De todos es sabido que las segundas generaciones lo tienen complicado. Les acecha un mal terrible, de esos que nadie se toma en serio, que todos ningunean, pero que puede tener consecuencias devastadoras. Y si no me creen, miren a los Flores o a Paris Hilton, que no terminan de hallarse ni en su propio caldo.

Este mal es inevitable. Lo sufren todos los de segunda (generación). (¿Ven? Si hasta el nombre es despectivo).

Son pero sin serlo del todo; tienen un concepto de hogar dulce hogar bipolarizado; ni chicha ni limoná, ni contigo ni sin ti. Viven aquí pero son de allí. Pero también de aquí. Pero las fiestas de guardar las pasan allí. Algunas. Otras solo las hay allí pero otras solo aquí. Y a veces las de allí las celebran aquí y las de aquí allí.

¿Se han liado? Pues imagínense a una pobre criaturita sin voz ni voto ni culpa ninguna de que, en este caso particular que nos ocupa, su madre conociese a un teutón macizo la segunda semana de su ciclo coincidiendo con luna llena en una fiesta rockera en los Berlines.

Imagínense a esa pobre alma cándida paseada en faldón con lazos por Friedrichshain —no pongan esa cara, que por aquel entonces estaba lleno de punkis con tutú y juro por Gott que no desentonaba nada—, dejándose consolar ahora por mamá ahora por papá y sus respectivos y opuestos registros fonéticos, que el infeliz ya no sabía si le regañaban por caerse o le festejaban la metida de dedos en el enchufe.

Figúrense la vida social de ese pobre niño, conjuntado y oloroso en un parque lleno de congéneres de uñas negras y padres… ¿daltónicos?

Imaginen por un momento vivir en un mundo en el que le han prometido que un obispo barbudo le traerá golosinas a principios de diciembre y que lo que le traiga sea una bolsa costrosa de mandarinas y cacahuetes. Un mundo en el que no existen esos Reyes molones que montan en camello y se la agarran parda cambiando copas de champán por regalos en todas las casas a tres horas de avión de aquí. Y en el que sus compis de guardería no le creen cuando lo cuenta.
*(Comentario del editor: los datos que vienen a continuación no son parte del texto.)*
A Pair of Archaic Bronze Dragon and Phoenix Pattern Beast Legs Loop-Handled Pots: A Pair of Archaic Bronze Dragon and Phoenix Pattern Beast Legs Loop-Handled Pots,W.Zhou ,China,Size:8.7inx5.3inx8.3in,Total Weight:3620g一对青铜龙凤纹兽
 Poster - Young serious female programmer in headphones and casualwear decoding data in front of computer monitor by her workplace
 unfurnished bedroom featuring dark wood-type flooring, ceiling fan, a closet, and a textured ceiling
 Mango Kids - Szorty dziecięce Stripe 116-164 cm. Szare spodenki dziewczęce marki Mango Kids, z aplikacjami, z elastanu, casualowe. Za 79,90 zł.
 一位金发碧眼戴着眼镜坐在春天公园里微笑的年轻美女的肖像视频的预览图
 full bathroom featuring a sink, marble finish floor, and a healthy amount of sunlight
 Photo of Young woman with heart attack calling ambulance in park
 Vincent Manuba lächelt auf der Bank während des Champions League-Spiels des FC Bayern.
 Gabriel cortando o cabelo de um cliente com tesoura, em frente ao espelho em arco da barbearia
Un desgarro existencial, una angustia incomprendida, una dicotomía anímica. Un lío de cojones.

Y un día, además, ese angelito descubre que está solo. Un día cualquiera, no se crean, en el que se le ocurre pedirle a su madre que le deje ver esas tarjetitas con foto que le ha hecho en Madrid este verano —el DNI, le dices, pues eso, el dameamí, te confirma— y le contestas que vale. Y te dice que qué pasa ahora con los libritos esos con foto —los pasaportes, le dices, pues eso, los pasapuertas, te corrobora— y le dices que nada, que qué va a pasar; que son más o menos lo mismo pero unos son alemanes y los otros españoles.

—¿Y eso por qué, mamá?

—Pues porque eres español y alemán, cariño.

—Que no, que no, mamá, que yo soy español.

—Que sí, que sí, español. Y alemán, mi vida.

—Que no, que no, que no te enteras, mamá, que España ha ganado la Eurocopa, que yo soy español.

—Que ya, cariño, pero que eso no tiene nada que ver, que tu madre es española y tu padre es alemán y por eso vosotros sois las dos cosas.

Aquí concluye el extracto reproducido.